History of Bromley
The first definite reference to Bromley is in the charter of 862. Named Bromleag, it is believed to mean the clearing where the broom bushes grow.
The town’s significance was the result of its early link with the Bishops of Rochester who established a residence in the area at a early date. In 1205, it was the Bishop who was responsible for the establishing of a weekly market in the town. This continues to the present day.
The market, together with its position on the main Rye (later Hastings) road made Bromley a natural centre for the local area and it soon became the most important settlement in the district.
Bromley retained this leading position into the nineteenth century including a brief period as a fashionable spa town and health centre until two events temporarily threatened its dominance. In 1844 diocesan boundary changes caused the Bishop of Rochester to move away and the Palace to be sold into private hands, while the comparatively late arrival of the railway in 1858 made other towns such as Croydon and Lewisham a more attractive prospect for development.

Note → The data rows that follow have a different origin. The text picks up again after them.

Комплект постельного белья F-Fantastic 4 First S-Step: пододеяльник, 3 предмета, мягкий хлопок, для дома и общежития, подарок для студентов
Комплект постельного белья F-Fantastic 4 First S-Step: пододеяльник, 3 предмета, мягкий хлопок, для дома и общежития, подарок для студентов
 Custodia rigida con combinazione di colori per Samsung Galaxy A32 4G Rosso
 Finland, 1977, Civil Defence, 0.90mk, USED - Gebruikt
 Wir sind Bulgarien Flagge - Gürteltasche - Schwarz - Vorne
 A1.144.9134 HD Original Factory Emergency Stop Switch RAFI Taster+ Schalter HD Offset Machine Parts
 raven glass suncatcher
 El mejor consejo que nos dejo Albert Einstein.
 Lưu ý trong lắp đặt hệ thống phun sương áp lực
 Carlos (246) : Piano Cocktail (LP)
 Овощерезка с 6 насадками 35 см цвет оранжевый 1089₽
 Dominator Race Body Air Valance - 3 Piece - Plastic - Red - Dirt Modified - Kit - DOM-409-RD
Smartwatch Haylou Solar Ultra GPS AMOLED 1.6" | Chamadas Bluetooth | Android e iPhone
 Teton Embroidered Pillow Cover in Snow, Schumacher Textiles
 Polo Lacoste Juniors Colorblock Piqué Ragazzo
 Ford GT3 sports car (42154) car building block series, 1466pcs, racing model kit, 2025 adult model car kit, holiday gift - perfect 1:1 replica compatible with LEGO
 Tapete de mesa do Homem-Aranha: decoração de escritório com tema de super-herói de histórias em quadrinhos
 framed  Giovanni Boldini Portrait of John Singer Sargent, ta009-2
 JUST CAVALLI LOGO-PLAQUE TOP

Once the railway was running Bromley again became a popular location. New Bromley to the north of the town began in the 1860s and was further enhanced by the building of a second railway line in 1878. Initially small artisan style dwellings; larger houses followed along the London Road in an area known as Bromley Park.
By the outbreak of the First World War, development in central Bromley was fairly complete, subsequent development being restricted to infill and the replacement of a number of larger houses and industrial buildings with smaller modern houses and flats.
In the last twenty years much of the town centre has been rebuilt to accommodate the large Glades shopping centre, resulting in the loss of much town centre housing while the Bishops Palace, initially converted in the 1930’s into a new home for Stockwell teacher training college, is now the core of Bromley Civic Centre.